On Apr. 4, 1975, five Defense Intelligence Agency employees
– Celeste Brown, Vivienne Clark, Dorothy Curtiss, Joan Pray and Doris Watkins – lost their lives trying to save the lives of Vietnamese infants and children fleeing Saigon in Operation Babylift.
As the government of South Vietnam collapsed in the face of a massive North Vietnamese offensive, President Gerald Ford ordered the evacuation of Vietnamese orphans from Saigon. The Air Force Military Airlift Command (MAC) was responsible for the flights and Army Major General Homer Smith, the U.S. defense attaché in Saigon, provided escorts and coordinated requirements of the withdrawal airlifts. Operation Babylift would process 400 war orphans and their escorts for evacuation each day from Tan Son Nhut airbase, adjacent to the defense attaché office complex.

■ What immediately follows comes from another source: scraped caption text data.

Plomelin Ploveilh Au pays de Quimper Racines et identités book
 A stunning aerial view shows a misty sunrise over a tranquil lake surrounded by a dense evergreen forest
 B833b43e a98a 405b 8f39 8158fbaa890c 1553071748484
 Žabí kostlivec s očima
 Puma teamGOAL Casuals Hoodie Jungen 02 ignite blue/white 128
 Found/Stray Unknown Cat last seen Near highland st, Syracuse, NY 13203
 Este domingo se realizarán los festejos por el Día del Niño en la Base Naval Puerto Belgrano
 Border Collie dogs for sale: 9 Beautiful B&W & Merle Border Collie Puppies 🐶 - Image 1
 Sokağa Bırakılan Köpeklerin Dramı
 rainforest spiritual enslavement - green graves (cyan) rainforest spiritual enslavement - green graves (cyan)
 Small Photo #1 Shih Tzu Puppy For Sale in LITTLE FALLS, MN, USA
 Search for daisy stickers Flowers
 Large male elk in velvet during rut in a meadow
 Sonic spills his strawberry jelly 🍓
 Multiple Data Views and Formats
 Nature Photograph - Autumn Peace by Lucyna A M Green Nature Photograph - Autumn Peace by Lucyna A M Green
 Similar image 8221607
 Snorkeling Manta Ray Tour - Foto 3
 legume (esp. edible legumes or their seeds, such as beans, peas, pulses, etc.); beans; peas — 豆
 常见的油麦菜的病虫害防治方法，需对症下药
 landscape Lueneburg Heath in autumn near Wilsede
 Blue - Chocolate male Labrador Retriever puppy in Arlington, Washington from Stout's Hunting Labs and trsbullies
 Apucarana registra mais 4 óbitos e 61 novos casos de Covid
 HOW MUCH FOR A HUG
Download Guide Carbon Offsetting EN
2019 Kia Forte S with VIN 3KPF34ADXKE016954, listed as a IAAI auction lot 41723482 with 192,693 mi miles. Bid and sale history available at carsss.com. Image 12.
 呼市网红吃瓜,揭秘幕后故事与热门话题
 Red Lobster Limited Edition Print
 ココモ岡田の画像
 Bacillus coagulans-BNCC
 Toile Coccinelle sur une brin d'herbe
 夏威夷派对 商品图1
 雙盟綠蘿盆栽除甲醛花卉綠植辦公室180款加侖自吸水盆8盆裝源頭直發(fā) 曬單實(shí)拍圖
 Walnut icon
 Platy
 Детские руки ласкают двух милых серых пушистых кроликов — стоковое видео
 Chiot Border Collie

The first available plane was a C-5A Galaxy transport that arrived in Saigon the morning of April 4. Ground crews and an Air Force medical crew loaded the babies and small children aboard the plane. Also onboard were members of the defense attaché office staff, including the five DIA employees.
Just after 5 p.m. local time, the last of the 314 passengers were onboard and the transport took off. Twelve minutes later, the locks on the rear cargo door of the C-5A failed, and the aft pressure door, part of the loading ramp, and the cargo door, blew off, severely damaging the flight controls in the tail. The pilots attempted an emergency landing at Tan Son Nhut airbase, but the plane crashed in a marsh two miles short of the runway. The impact crushed the cargo deck where many of the orphans had been placed. In all, 138 people died in the crash including Brown, Clark, Curtiss, Pray and Watkins. It was the single largest loss of life in DIA history until the terrorist attacks of Sept. 11, 2001.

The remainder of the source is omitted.